Es éste el puente que une, con el rigor de una necesidad lógica, sus derechos a las obligaciones de los demás. En realidad, más bien que un puente, es un búnker. No une a nadie con ningún otro. Blinda los derechos adquiridos, una vez reconocidos. Y los blinda con un material tan resistente como el hormigón: el olvido. El olvido borra viejos recuerdos y los sustituye por nuevas y sólidas certezas: la certeza de los derechos adquiridos por uno mismo borra, más pronto que tarde, el recuerdo de aquellos derechos que fueran una vez reconocidos por los demás.
Si el búnker fuera un puente de verdad, quedaría unido, al menos, el derecho de los leprosos curados al derecho de su bienhechor.

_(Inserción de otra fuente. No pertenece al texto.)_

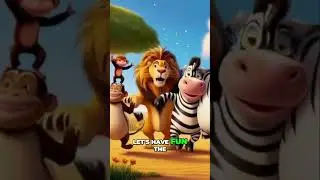 Savannah Animals Chorus 🎶 | Fun Song for Kids #SavannahAnimals #SingAlong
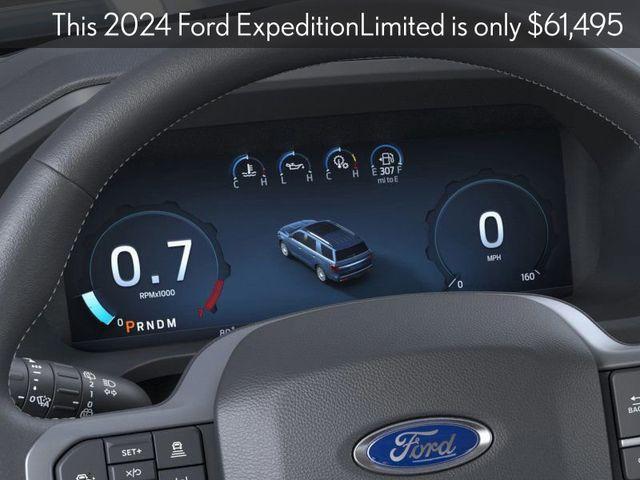 new 2024 Ford Expedition car, priced at $61,495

La necesidad lógica quedaría a salvo de sí misma. La lógica, útil para pensar, ¿no debería serlo también para recordar cualquier causa -cualquier pasado- contenida y olvidada en sus efectos o consecuencias? La lógica, abandonada a sí misma, útil solo para pensar pero no para recordar, acaba sepultada en el olvido. Su propio rigor la paraliza allí donde es más necesaria: en el acervo de la memoria. Es allí donde perece. El que no ve más allá de la lógica perece con ella. Lo que no sirve para recordar sirve, en realidad, para pensar a medias, para aquel pensar que es, en el fondo, una manera implacable de olvidar.
El viejo puente de cristal parece no servir ya para la vida. Es demasiado frágil como para soportar nuestro paso y nuestro peso, cargados como vamos todos de derechos por la vida. Y de querellas y demandas, protestas y denuncias que se acumulan, como pesados fardos, sobre las mesas de los tribunales en espera de sentencia. El corazón de las personas se endurece cuando el hormigón acaba sustituyendo al cristal, el rigor a la fragilidad y la exigencia a la gratitud, fresca y tierna como el pan de la mañana.

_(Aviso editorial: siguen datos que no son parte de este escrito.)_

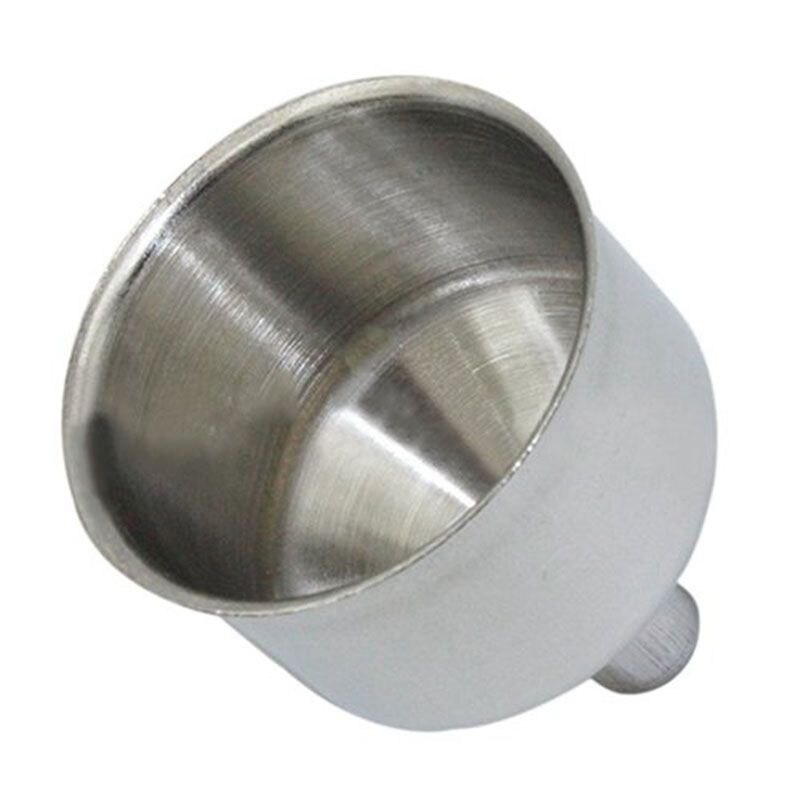 6 Piece Stainless Steel Flask Funnel Set, Small (6 pcs)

Cuando cada vida se atribuye a sí misma un valor absoluto, es decir, cuando yo, en cada caso, doy por supuesta mi dignidad, me la reconozcan o no, entonces el hormigón sustituye al cristal, la exigencia a la gratitud, el búnker al puente. Cuando sé, en cambio, que necesito de los demás para todo -para ser yo mismo y tomar así la vida entre mis manos, regalado a mi propia persona por los otros-, entonces el “tener” -tener valor o dignidad y derechos anejos- pierde su rigor ante mis ojos y recupera así la claridad y fragilidad del ser, siempre en interdependencia de los otros. Ya no soy lo que tengo: un ser valioso por sí mismo cuya dignidad los demás tienen la obligación de reconocer. Soy el que soy gracias a Dios, es decir, gracias a otro que no soy yo.
La obligación se transforma, de este modo, en algo mucho más profundo y delicado: en respeto a quien me afirma en el ser y en la existencia. A quien afirmo yo también, porque el puente de cristal es de ida y vuelta. El que da ya está recibiendo. El que recibe ya está dando, a su vez, la oportunidad de dar lo que recibe. Nadie tiene nada para sí mismo -nada en absoluto-, ni siquiera su propia dignidad. Todos tenemos lo que damos o recibimos mientras lo damos y recibimos: respeto a manos llenas.